Durante 26 anos vi carros com placas de três letras e quatro números pretos, com fundo de metal.
Andei por avenidas grandes e largas – muitas que atravessavam a cidade -, e proporcionavam trajetos de no mínimo 20 minutos, de carro, quando o trânsito estava bom.
Pouco andei a pé – a caminhada nunca foi uma opção de meio de locomoção até um shopping, a casa de amigos ou, muito menos, para curtir a noite em algum bar ou festa.
A ideia de viajar de avião por mais de 5 horas e ainda estar dentro do mesmo país sempre me pareceu normal.
O sotaque cantado e o “Guria, tu nem sabe”, natural após finais de semana, soavam perfeitamente bem, em plena naturalidade e harmonia para os meus ouvidos.

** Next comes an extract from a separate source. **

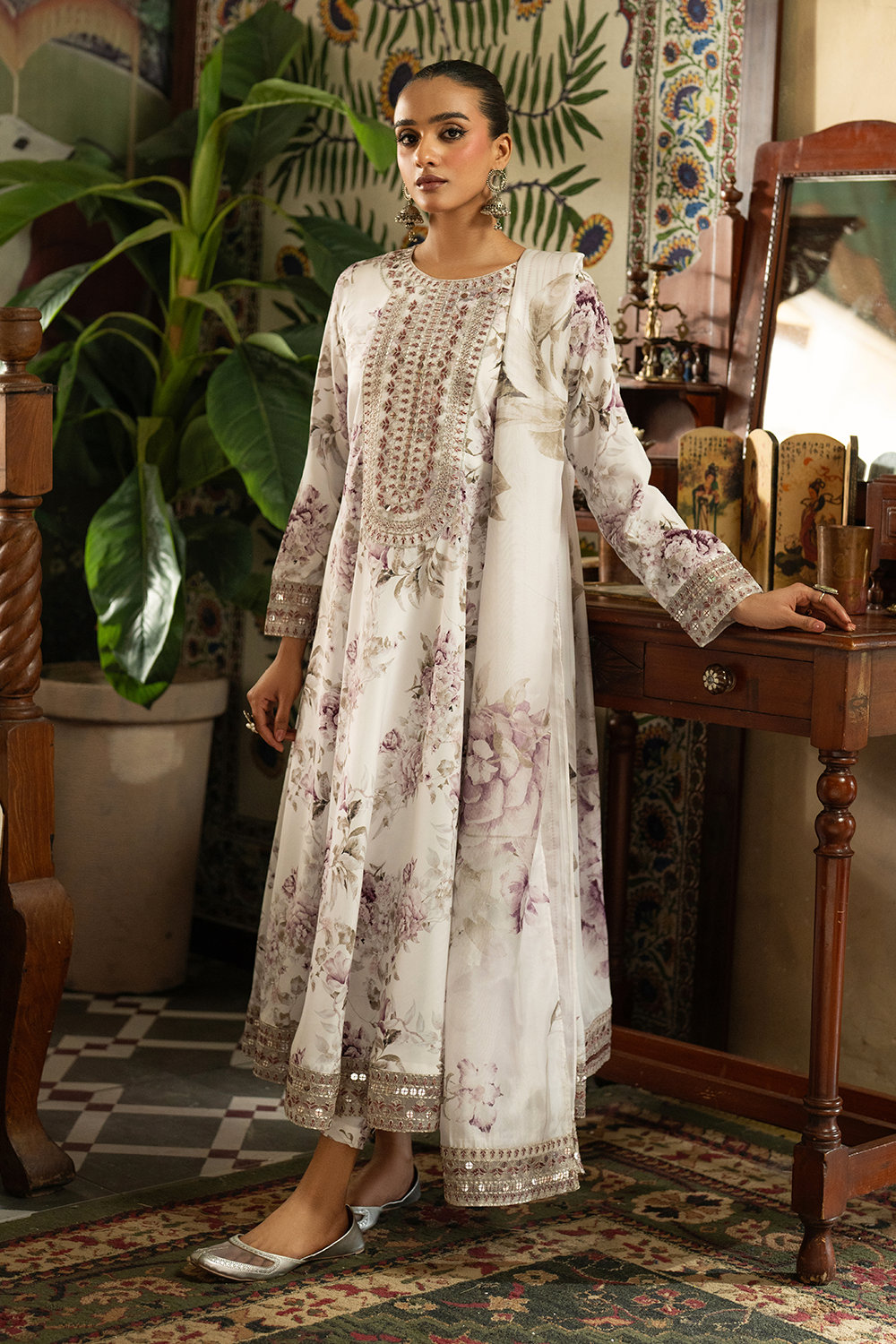 silk finish lawn Pishwas in White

Escutar gringos conversando aleatoriamente pelas ruas, e ter que eventualmente prestar informações em inglês, era comum, no máximo, ao andar pelas ruas do Rio de Janeiro no carnaval (acho que descobri o porquê do meu inglês tão enferrujado).

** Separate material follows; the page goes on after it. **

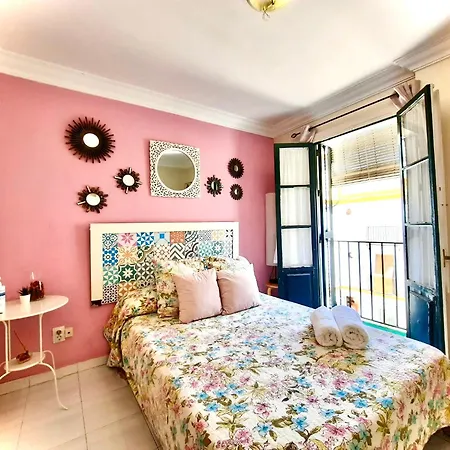 Budget And Cute Rooms With Balcony Sevilla Center-3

Encontrar os velhos e bons amigos era “tarefa” cumprida semanalmente – aqueles que nos conhecem melhor que nós mesmos e nos proporcionam, mesmo em silêncio, o ambiente mais acolhedor possível.
Só não cumpria de forma tão religiosa como fazia com as visitas à avó – o chá da tarde com bolachas plic-plac era a garantia do imensurável valor das coisas mais simples da vida.
Há meio ano, passei a ver carros com placas em detalhes azuis, estrelinhas da União Europeia e uma fração em amarelo – que descobri ser o mês e o ano do carro. (Que coisa destoante e estranha...)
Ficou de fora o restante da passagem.